Solar and storage technologies would possess a “mutually beneficial interaction” in the Capacity Market (CM) should renewables be introduced into the mechanism, National Grid has said.
However solar PV would stand to have an almost negligible role within the mechanism, and any solar projects seeking a CM contract would have to do so with a de-rating factor of between 1 and 2%.
The findings were unveiled within a consultation document that was unveiled by the Electricity System Operator yesterday, the starting block of a piece of work which could culminate in renewables being able to participate in CM auctions in the future.
While the introduction of renewables would require policy movement from both government and Ofgem, as the ESO it would be National Grid’s responsibility to facilitate the auctions and apply appropriate de-rating factors to projects seeking approval.
National Grid said that it had decided to apply an incremental Equivalent Firm Capacity calculation – defined as the precise amount of reliable firm capacity a resource can displace while maintaining the same level of risk on the system – which had resulted in de-rating factors for solar and both onshore and offshore wind.
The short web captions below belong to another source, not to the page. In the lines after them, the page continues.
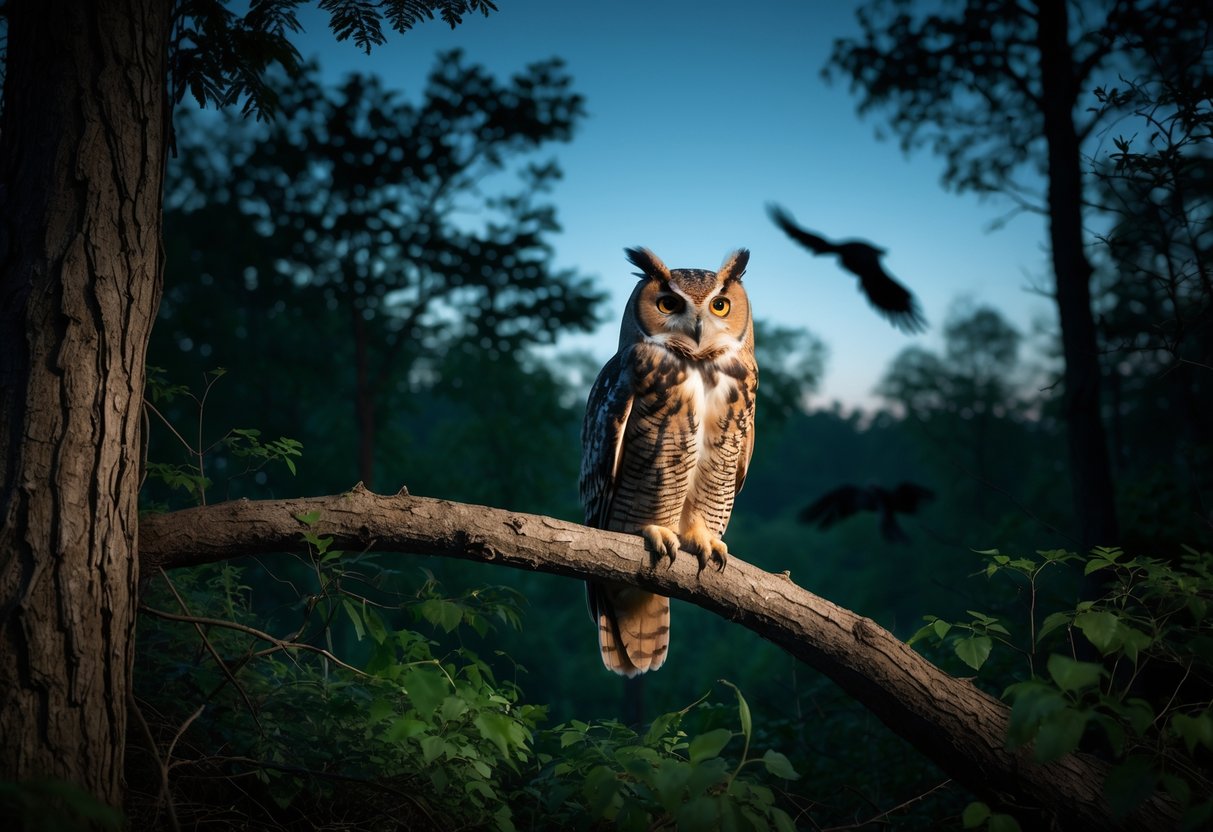An owl perched on a tree branch in a forest at dusk with a fox nearby and a large bird flying in the background.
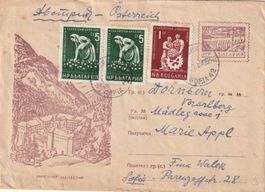 Bulgarien GS-Brief mit Zusatzfrankatur 1961
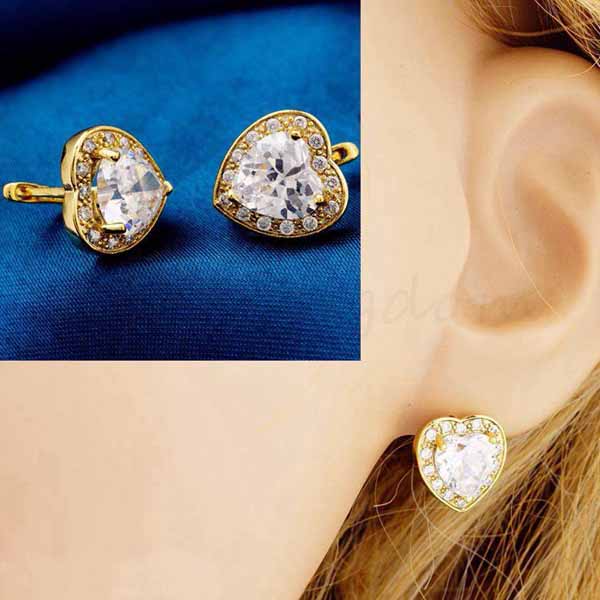 ต่างหูคริสตัล แฟชั่นเกาหลีรูปหัวใจ18Kสไตล์อัญมณี Gems Earrings นำเข้า สีขาว - พร้อมส่งW302 ราคา450บาท รูปที่ 1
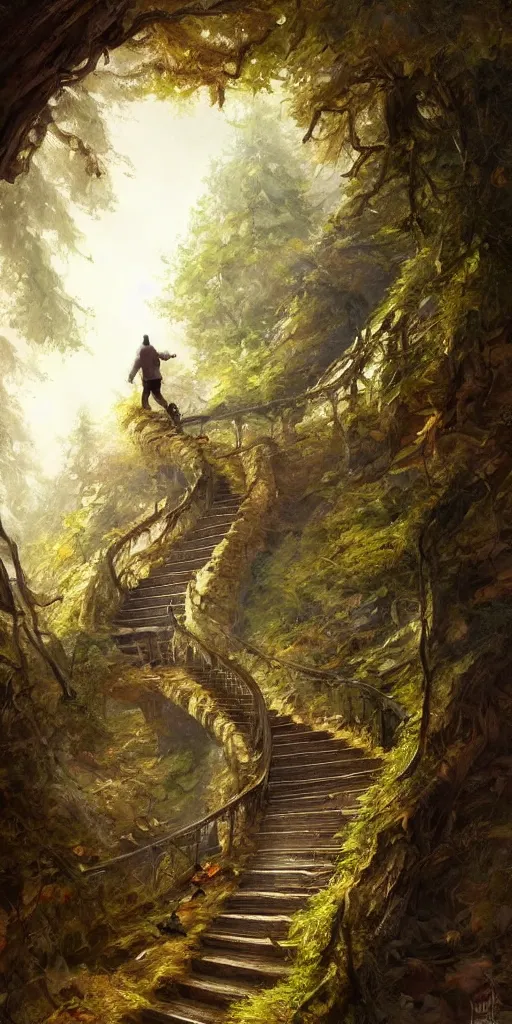 Prompt: a man walking up a steep and winding staircase, in beautiful woods, intricate, elegant, highly detailed, oil painting, artstation, concept art, sharp focus, beautiful illustration, society, by justin gerard and artgerm, 4 k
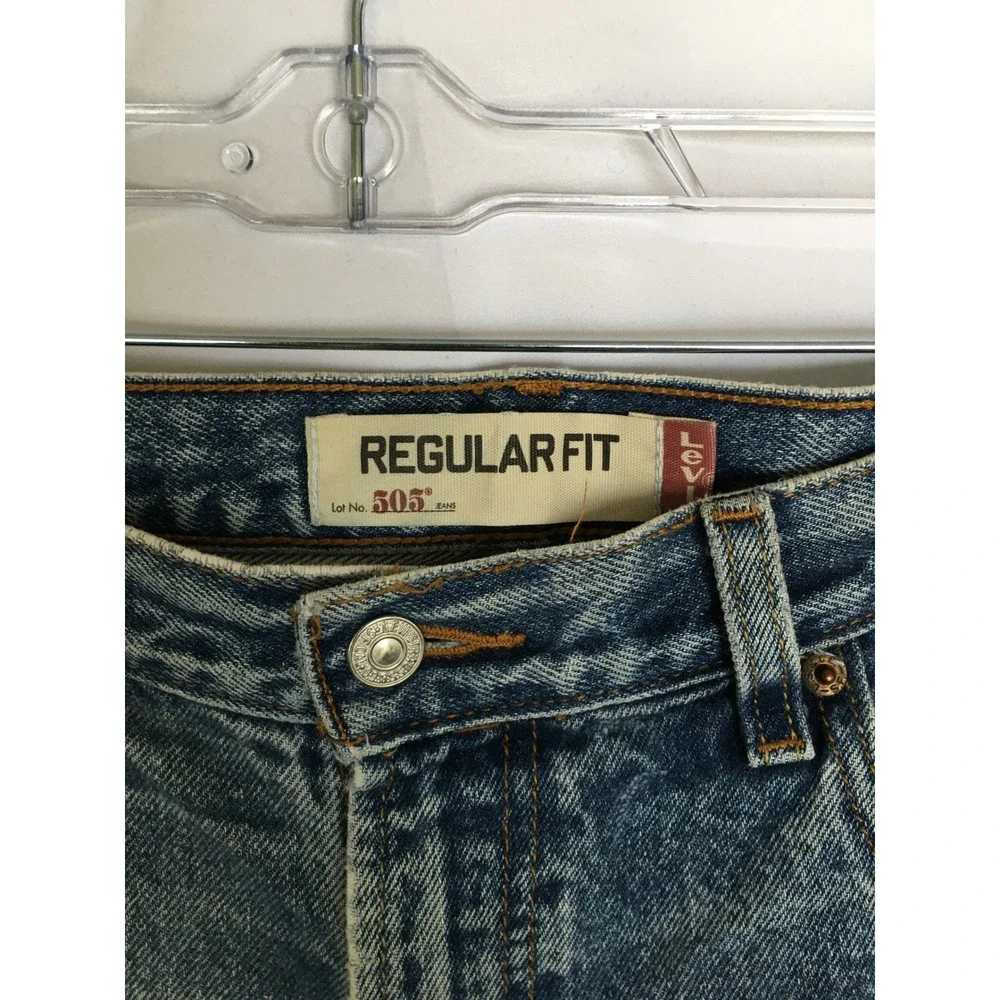 Levis 505 Regular Fit Jeans Mens Blue Distressed Straight Leg Denim Pants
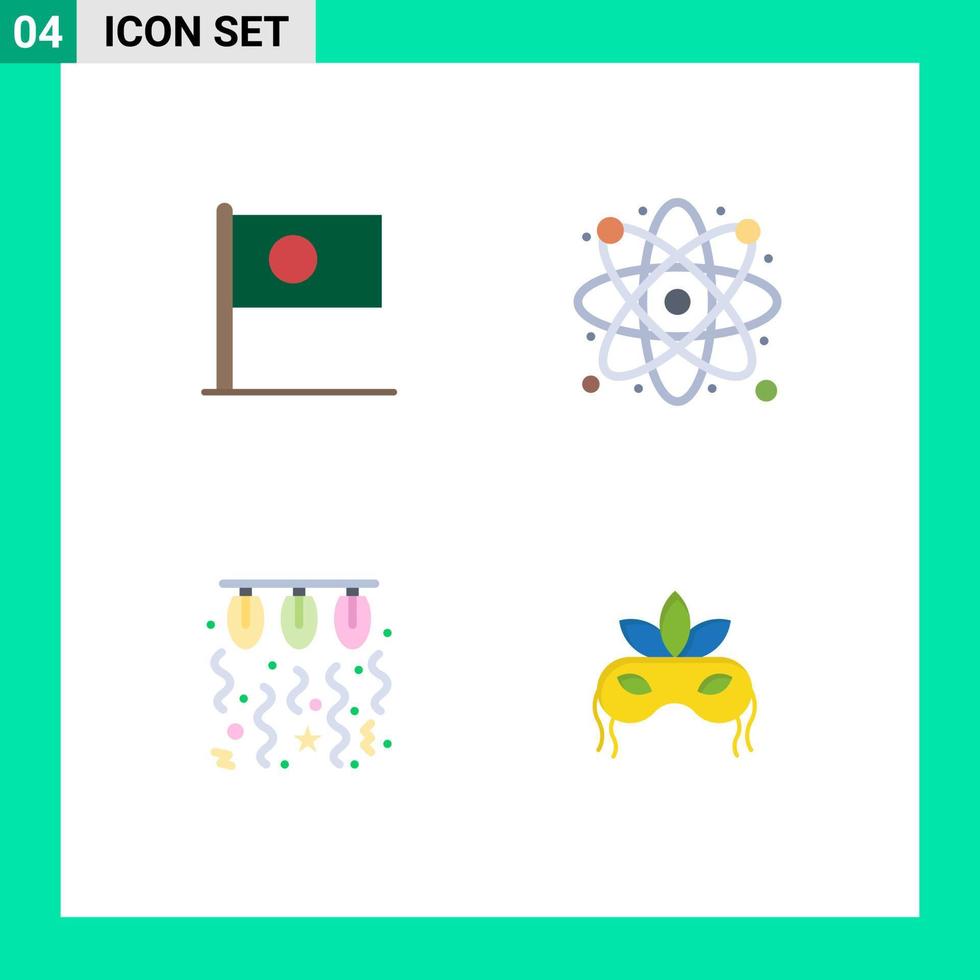 ensemble de 4 symboles d'icônes d'interface utilisateur modernes signes pour les éléments de conception vectoriels modifiables de lumière d'atome de pays d'ampoule asiatique vecteur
The same methodology was used to determine the de-rating factors applied to battery storage projects of various durations last year.
Those EFC calculations are crucial in determining the indicative de-rating factors for renewables and solar PV will be faced with de-rating factors of 1.17% for the T-1 2020/21 auction, 1.76% for the T-3 2022/23 auction, and 1.56% for the T-4 2023/24 auction.
However the ESO also produced some interesting datasets within its base case assumption, specifically guiding that the UK’s solar capacity is expected to reach 16.35GW by the 2023/24 delivery period.
National Grid is forecasting for 14.379GW by 2020/21 – corresponding to next year’s winter period, or November 2020. With the country’s PV capacity currently standing at just over 13GW, that would imply National Grid is forecasting around 1.2GW of new-build solar capacity to come online in the next 20 months.
Judged against BEIS’ forecasts for small-scale solar deployment without the feed-in and export tariffs, which stand as low as 50MW per quarter, the majority of that deployment would fall within the utility-scale category.